There is a counter example. Since $4=2 \cdot 2 = (\sqrt{13}+3)(\sqrt{13}-3)$, it suffices to show those factors are irreducible. Suppose to the contrary that $2$ is not irreducible. It follows that there exists $a,b \in \mathbb{Z}[\sqrt{13}]$ such that $2=ab$, $N(a) \ne 1$ and $N(b) \ne 1$. It boils down to show that there are no solutions to $u^2=13v^2 \pm 2$ in $\mathbb{Z}$. Observe that $2 \nmid \sqrt{13} \pm 3$ and we are done.

Someone asked the same about $\mathbb{Z}[\sqrt{8}]$. You might find Is $\mathbb{Z}[{ \sqrt 8 } ] $ a Euclidean domain? relevant.

Answer 2

To repeat what KCd and Lubin had already said in a verbose way. While $2$ and $3$ are primes in $\mathbb{Z}$, but they are not primes in $\mathbb{Z}[\sqrt{7}]$ and hence not irreducible.

\begin{equation} 2 = (3+\sqrt{7})(3-\sqrt{7}) \\ 3 = (\sqrt{7}+2)(\sqrt{7}-2) \\ \sqrt{7}+1 = (3-\sqrt{7})(5+2\sqrt{7}) \\ \sqrt{7}-1 = -(3+\sqrt{7})(5-2\sqrt{7}) \end{equation}

Definitions: Let $R$ be an integral domain. Then an element $a \in R$ is said to be prime in $R$ if:

(a) $a \ne 0$ and $a$ is not a unit, and

(b) For all $b,c \in R$, $a \mid bc$ implies $a \mid b$ or $a \mid c$.

The element $a \in R$ is said to be irreducible (a weaker condition than primeness) if:

(a) $a \ne 0$ and $a$ is not a unit, and

(b) If $a = bc$ for some $b,c \in R$, then $b$ is a unit or $c$ is a unit.
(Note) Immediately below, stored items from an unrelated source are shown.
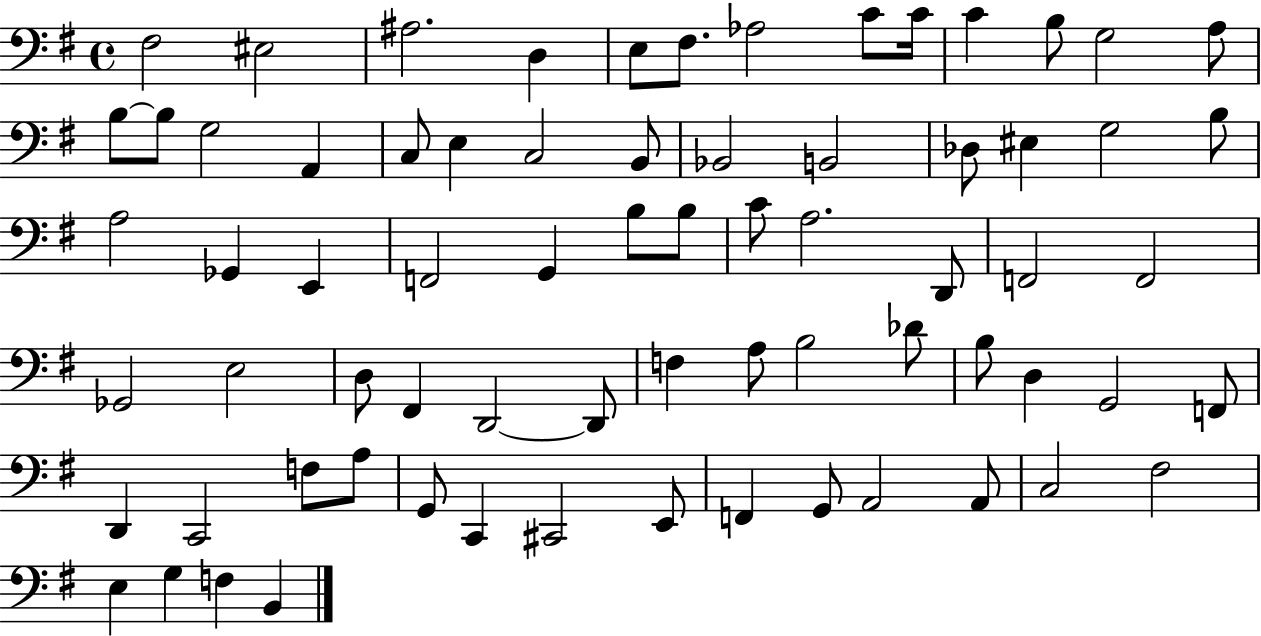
{
  \clef bass
  \time 4/4
  \defaultTimeSignature
  \key g \major
  fis2 eis2 | ais2. d4 | e8 fis8. aes2 c'8 c'16 | c'4 b8 g2 a8 | \break b8~~ b8 g2 a,4 | c8 e4 c2 b,8 | bes,2 b,2 | des8 eis4 g2 b8 | \break a2 ges,4 e,4 | f,2 g,4 b8 b8 | c'8 a2. d,8 | f,2 f,2 | \break ges,2 e2 | d8 fis,4 d,2~~ d,8 | f4 a8 b2 des'8 | b8 d4 g,2 f,8 | \break d,4 c,2 f8 a8 | g,8 c,4 cis,2 e,8 | f,4 g,8 a,2 a,8 | c2 fis2 | \break e4 g4 f4 b,4 | \bar "|."
}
If you are still unsure, you might want to look up the definition of unit (not unity). Very briefly, $a$ is a unit if and only if norm $N(a)=1$. BTW, $\mathbb{Z}[\sqrt{7}]$ is a Euclidean domain and hence a UFD.

Answer 3

Picking up on the answer of Chan Tai Man, from $$ 3\times2=(\sqrt7-1)(\sqrt7+1) $$ we get $$ (\sqrt7+2)(\sqrt7-2)(3+\sqrt7)(3-\sqrt7)=-(3+\sqrt7)(5-2\sqrt7)(3-\sqrt7)(5+2\sqrt7) $$ We can cancel $-(3+\sqrt7)(3-\sqrt7)$ from both sides, leaving $$ (2+\sqrt7)(2-\sqrt7)=(5+2\sqrt7)(5-2\sqrt7) $$ Then a simple calculation shows $$ {5+2\sqrt7\over2-\sqrt7}=-(8+3\sqrt7) $$ which is a unit. So in fact, up to units, we don't have two different factorizations of $6$ into irreducibles.